Give the data again exactly as it is written.

**Extracted material:**
--*--

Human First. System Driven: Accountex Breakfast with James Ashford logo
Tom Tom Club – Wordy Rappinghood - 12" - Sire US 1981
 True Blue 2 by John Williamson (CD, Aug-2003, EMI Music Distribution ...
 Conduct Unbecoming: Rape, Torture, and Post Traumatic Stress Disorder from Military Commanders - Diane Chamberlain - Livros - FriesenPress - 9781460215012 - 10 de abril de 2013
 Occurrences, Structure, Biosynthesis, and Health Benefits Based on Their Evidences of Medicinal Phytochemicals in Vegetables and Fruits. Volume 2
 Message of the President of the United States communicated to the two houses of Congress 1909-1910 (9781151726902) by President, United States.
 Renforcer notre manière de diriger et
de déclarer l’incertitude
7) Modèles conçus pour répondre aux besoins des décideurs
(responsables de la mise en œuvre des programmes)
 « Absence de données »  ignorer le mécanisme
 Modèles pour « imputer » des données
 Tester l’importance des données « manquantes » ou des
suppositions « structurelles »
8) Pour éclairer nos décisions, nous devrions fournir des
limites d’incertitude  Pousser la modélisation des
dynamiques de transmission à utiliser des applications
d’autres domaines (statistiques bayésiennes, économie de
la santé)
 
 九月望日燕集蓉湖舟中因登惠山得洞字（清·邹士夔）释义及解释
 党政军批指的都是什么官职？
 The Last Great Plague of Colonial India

--*--

**Reply:**
Human First. System Driven: Accountex Breakfast with James Ashford logo
Tom Tom Club – Wordy Rappinghood - 12" - Sire US 1981
 True Blue 2 by John Williamson (CD, Aug-2003, EMI Music Distribution ...
 Conduct Unbecoming: Rape, Torture, and Post Traumatic Stress Disorder from Military Commanders - Diane Chamberlain - Livros - FriesenPress - 9781460215012 - 10 de abril de 2013
 Occurrences, Structure, Biosynthesis, and Health Benefits Based on Their Evidences of Medicinal Phytochemicals in Vegetables and Fruits. Volume 2
 Message of the President of the United States communicated to the two houses of Congress 1909-1910 (9781151726902) by President, United States.
 Renforcer notre manière de diriger et
de déclarer l’incertitude
7) Modèles conçus pour répondre aux besoins des décideurs
(responsables de la mise en œuvre des programmes)
 « Absence de données »  ignorer le mécanisme
 Modèles pour « imputer » des données
 Tester l’importance des données « manquantes » ou des
suppositions « structurelles »
8) Pour éclairer nos décisions, nous devrions fournir des
limites d’incertitude  Pousser la modélisation des
dynamiques de transmission à utiliser des applications
d’autres domaines (statistiques bayésiennes, économie de
la santé)
 
 九月望日燕集蓉湖舟中因登惠山得洞字（清·邹士夔）释义及解释
 党政军批指的都是什么官职？
 The Last Great Plague of Colonial India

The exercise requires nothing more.